Repeat the data exactly as given below, dropping every picture.

Collected material:
☆ ☆ ☆ ☆
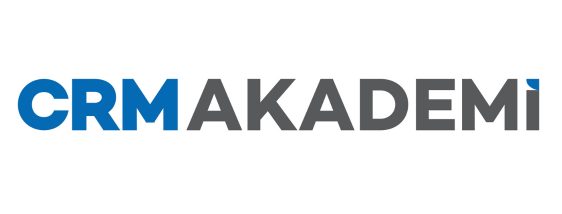 CRM Akademi - Dynamics Change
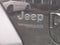 2022 Jeep Wrangler Unlimited High Tide 4x4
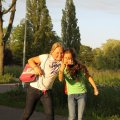 IMG_779788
☆ ☆ ☆ ☆
Problem solution:
 CRM Akademi - Dynamics Change
 2022 Jeep Wrangler Unlimited High Tide 4x4
 IMG_779788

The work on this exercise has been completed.